In my previous role, I supported a Java service that operated similarly to RDP or Citrix by enabling remote UI functionality. This service relied on sessions, which consisted of interconnected Java objects that were supposed to be cleaned up either when a user logged out or after a predetermined timeout period.
During the course of our capacity planning, we discovered a significant memory waste that I wanted to share with you.
Capacity Planning
Part of my routine work with the team included capacity planning for the next year. By analyzing our usage metrics, growth patterns, and population research, our data scientists were able to predict how many users we could expect to have in the coming year.
To determine the necessary infrastructure required to support this anticipated user base, we employed a sophisticated formula:
\[\text{Number of Servers} = { \text{Number of Users} \over \text{Users per Server} } * \text{Safety Buffer}\]To know how many servers we need to have for next year.

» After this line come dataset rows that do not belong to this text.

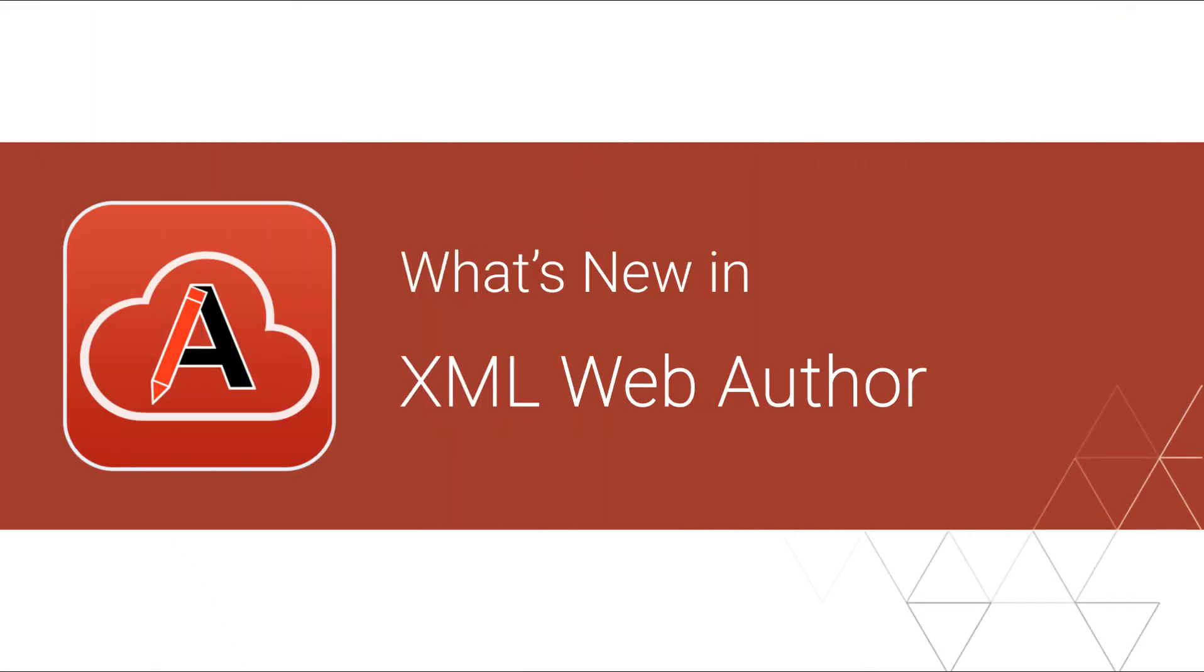We're very excited to announce the release of Oxygen XML Web Author 26. In this video we will show you some highlights of new features and updates that were implemented in this version.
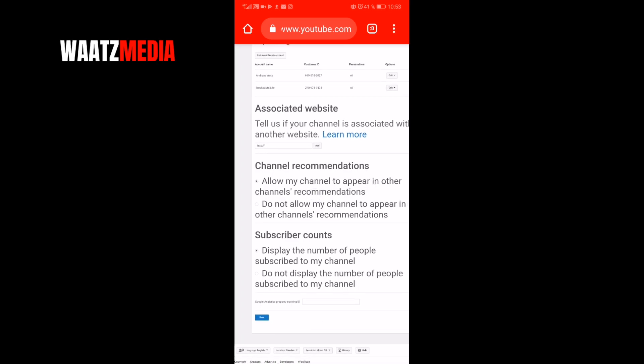Just click on do not display if you want to hide your subscriber count on YouTube, and then click on save.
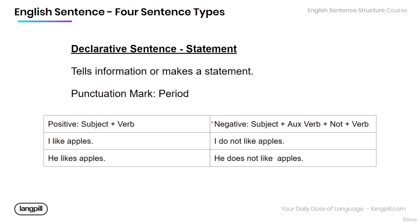The negative version changes a little bit, but it's not too difficult. We have the subject, followed by the auxiliary verb 'to do,' then the word 'not,' then our verb. So: 'I do not like apples' or 'He does not like apples.' This verb 'does' or 'do' will change depending on our subject or the tense of the verb. It can also be past tense: 'He did not like apples.'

One of our capacity planning sessions revealed that, due to the immense popularity of our service, we were anticipating a significant growth in the number of users in the coming year. Our calculations indicated that we would require more servers than we had available to accommodate this increased demand. Consequently, we were faced with the challenge of figuring out how to fit more users onto each individual server in order to support the projected user base.
What are we bound on?
With capacity measurement, we can pinpoint the bottleneck in our system, and in this case, it is the memory. As more users are added to the server, the system begins to falter under the increased load, ultimately running out of memory. Understanding we are memory-bound is crucial, as it directs our efforts towards reducing memory consumption in order to accommodate more users on the server.
Investigating memory usage
We had a crude estimation of our per-user memory consumption using this:
\[\text{Per User Memory} = { \text{Server Memory} \over \text{User Capacity} }\]Using imaginary numbers, we can say something like:
\[\text{Per User Memory} = \text{300MB} = { \text{90 GB} \over \text{300} }\]So we can approxiamte per-user memory requirement as 300MB. In order to understand how to reduce this number, we went into more serious memory measurement.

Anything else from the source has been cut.